Monday, January 07, 2008

Blowing Bubbles in 2008
















After deciding yesterday that upsizing will be my motto this year, I started wondering how this could help me forward in delivering results in priority areas of my life. And I realized that if there is anything I both loved and hated last year, it was my to-do list.

Like the saying goes about women, that men can neither live with them nor without them, the same applies to me and my to-do list. I love to have a place to jot down what to do, and I do so enthusiastically all through my waking hours. What happens after the jotting down is another story altogether. Once a good idea has landed on my to-do list, it seems prone to certain death. I find it so hard to transform these written exhortations back to life, to the real-time action that I needed to be reminded of in the first place!

What is in my head is chaos and I like it that way, the sheer creativity of it. I never stop to be amazed how many good ideas I can catch and cook in a day, particularly in the early morning. How to combine all that left-brain creativity and liveliness with some right-brain common sense about prioritizing and delivering? How to capture the ideas but not kill them in the process, and nurture them to live forward in a more organized space where important and feasible ideas are filtered and prioritized? A few months I wrote Work is Art on top of my to-do list, but even that didn’t bring the actions to life as I wished it would.

Then it hit me, that what I was looking for might be something like the bubbles I blew when I was a child, those temporary, fragile, living, moving, beautiful and transparent globules that I loved to see grow and rise until they popped! And some never did, they simply floated out of my sight. Could it be that some of the priority initiatives of my to-do list and life plan did not grow as I had wished because I hadn’t blown enough love and life into them? Could I revive the boy in me to blow bubbles, to see them grow, and to achieve more of my dreams that way in 2008?

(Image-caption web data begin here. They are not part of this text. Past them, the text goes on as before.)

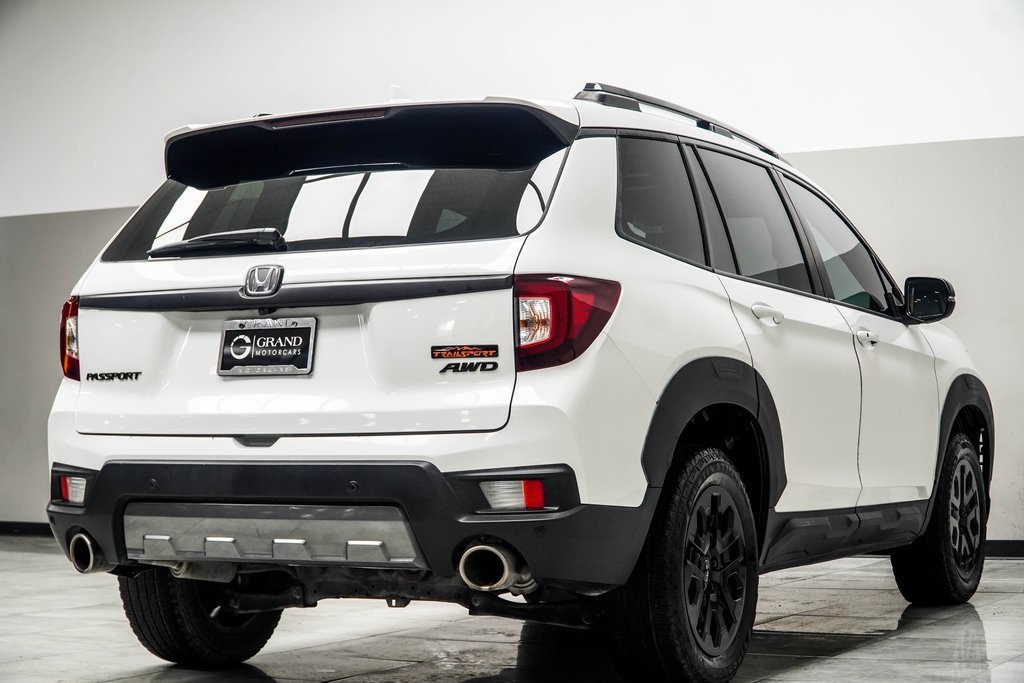 Vehicle image 6 of 42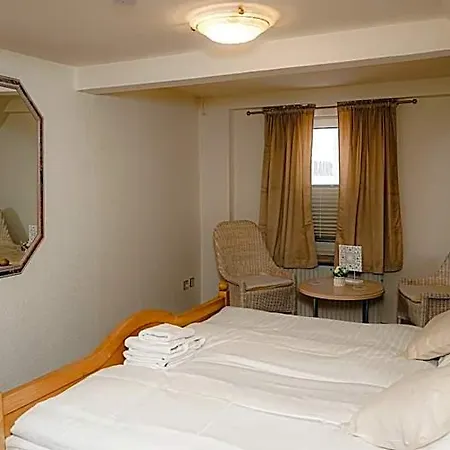 Hotel Zur-erholung *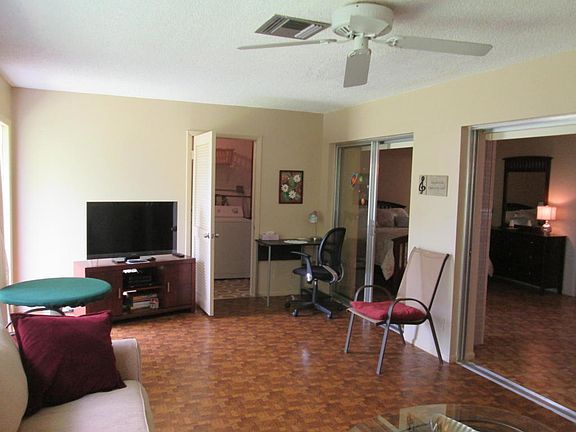 3rd image of 2638 Gately Dr E APT 116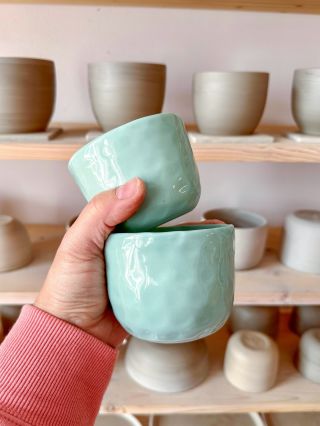 Mentolový porcelán ~ Nemohla jsem se dočkat, až ho poprvé vytáhnu z pece a uvidím jeho finální barvu☺️. V první várce jsem...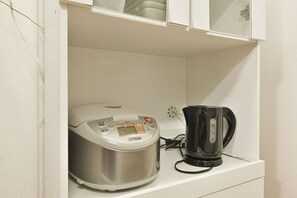 Apartament | Cuina privada | Frigorífic, microones, placa de cuina i bullidora elèctrica 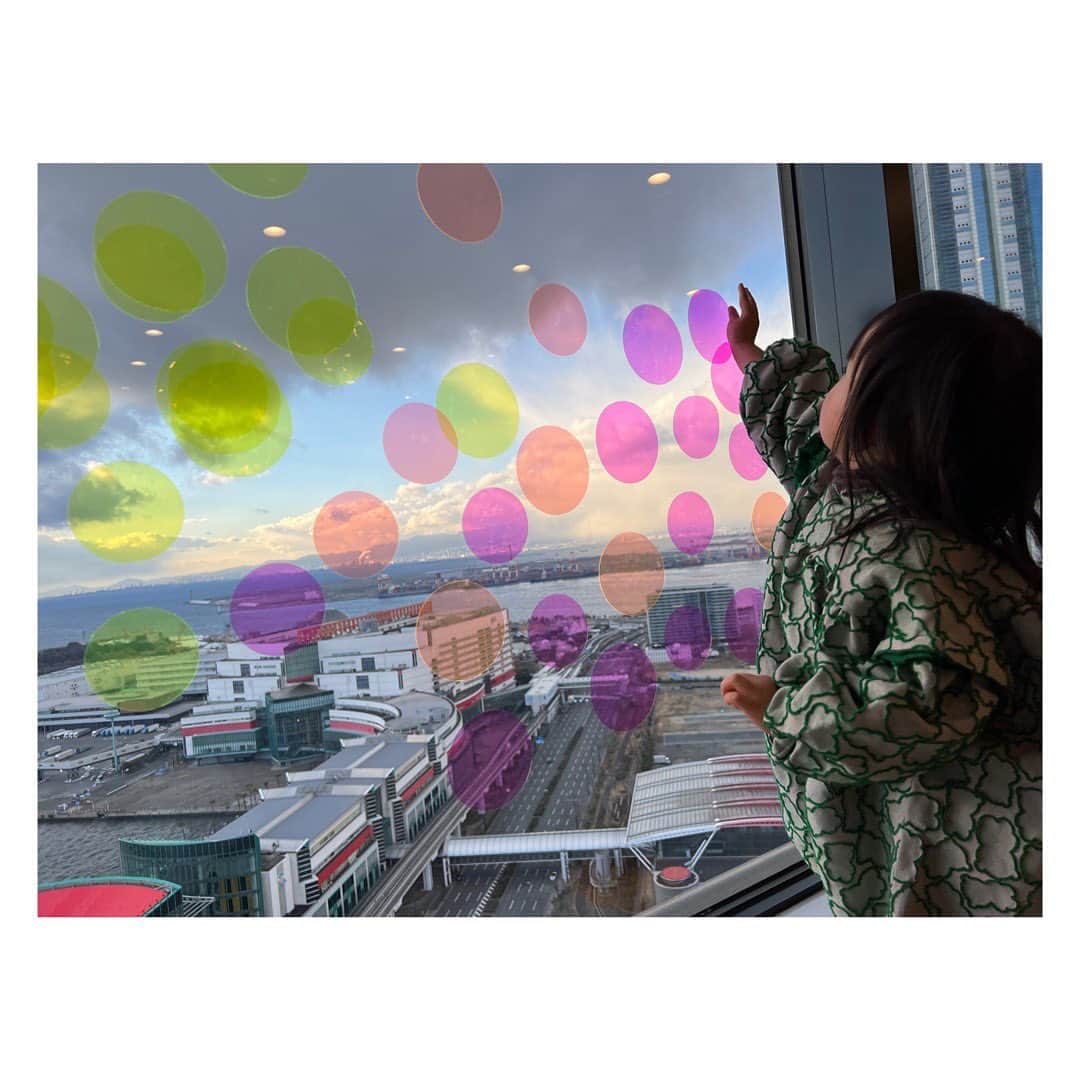 小塚舞子さんのインスタグラム写真 - (小塚舞子Instagram)「ハイアット リージェンシー 大阪内にある 「星野リゾート　リゾナーレ大阪」。 最高の客室はひとつ前の投稿をご覧ください🙏  リゾナーレ大阪の最大の特徴は 日本最大級の「アトリエ」があるということ。  子供たちが自由に想像して 創造ができるアトリエです✏️  大きな窓から差し込む光が美しい空間で 絵を描いたり、粘土で制作したり 固まる不思議な砂で遊んだり。 光と影を使って、色の重なりを楽しむこともできます。  しかも、そこにある素材は「本物」ばかり🌿 とっても素朴なものが集まっています。 ベンガラ染めの布や 天然木でできた小さなボールやコルクの栓。  普段は野菜のおもちゃだったり プラスチックのフライパンで おままごとを楽しんでいる娘ですが 輪切りの木は「大根！」小さなボールは「じゃがいも！」 と、自分なりに素材の色や形が 何に使えるか想像して遊んでいました🙌  そんな娘を見ていると 今まで与えすぎていたのかなぁと感じたり。 目で見てすぐにわかる物を与えるより よく考えて自分で想像できる力を育てたいなと思いました。  子供にとってのアトリエは ”今”を思いっきり楽しむ場所。 そして大人にとっては ”今まで”と”これから”を見つめる場所。 ただ楽しい旅ではなく 思い出以上の「気付き」がある体験でした。  そうそう！絵を描くときに使う道具も プロが使う絵の具や筆が用意されているんです！ これも我が家で取り入れたいと思ったことのひとつ。 何より発色が綺麗だし、大人も楽しい！！！ うたちゃんはひたすら紫を追い求めていました🟣🟣🟣  最後の写真はアトリエでできたお友達と！  ねぇ……🥲 まだ書きたいことあるんですよ。 いつも長すぎて怒られる私のアレですが もう少しお付き合いください🙇‍♀️  #星野リゾート #リゾナーレ #リゾナーレ大阪 #hoshinoresorts #risonare #risonareosaka #子連れ旅行 #子連れ旅 #大阪子連れ旅行 #大阪子連れお出かけ」2月7日 11時48分 - kozukamaiko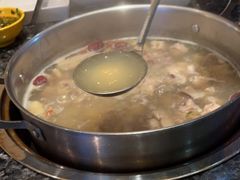 -一席地·本地鸡窝·杭帮鸡火锅(萧山银隆百货店)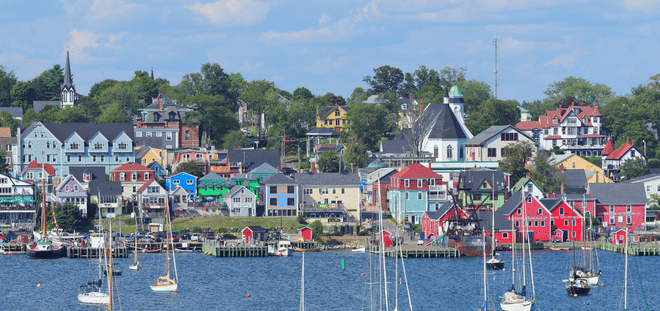 Lunenburg, Peggy's Cove & Mahone Bay Private Day Trip from Halifax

I took this bull by the horns, and set to work. I decided that my written life plan for the new year would not look like the one for last year after all, and neither would my to-do list. If I couldn’t live without it, and I knew I could not, at least I could transform it into something much more alive. Et voilá, after half an hour, I had filled a blank page in MS Word with a collection of bubbles of various shapes, colors, and sizes (I quickly encountered my limits of experience in using clip art to create more forms of bubbles). The title…. Blowing Bubbles in 2008!

Another half hour passed and I had empty bubbles for my current priority areas in life, all on one page. Some were central to my life, like “my times for spirit, soul, and body”, “my times with loved ones”, “my music practice” (Paulo Coelho’s The Witch of Portobello reminded me once again how important music is to tease more life out of me) and, of course, “my money.” Other bubbles were created for important priorities in my personal life, and in my work life. This morning, I started using this new approach, and captured ideas into these bubbles, to be loved and nurtured to action there.

And I was surprised by the obvious when I found out that a positive side effect of using bubbles was that they have limits to what they can accommodate. Where to-do lists just kept expanding, the boundaries of the bubbles on the paper kept me focused on writing a few priorities into each one. Too much would weigh them down too, I reflected. And rather than having to scan up and down a to-do list, I looked at my bubbles, and realized that unless I loved them enough to blow life into each of them, the actions written there might surely wither and die. And if any bubble was found to be leaking, I would need to blow harder!

For a moment, I wondered if labeling each bubble “my this” and “my that” wasn’t being overly ego-centric. And then I realized it had to be that way. My priorities were only going to be achieved if I cared about them enough, and blew enough life and energy into them, so that, like real-life bubbles, they could bring me pleasure and dissolve in their own good time. If I wouldn’t care enough, the bubbles would have no meaning at all.


What a nice discovery, that blowing bubbles had a lot to do with making my new year resolutions and giving them life to succeed.


Photograph: Place to enjoy bubbles: a bath tub in the Maya Ubud resort hotel, Bali.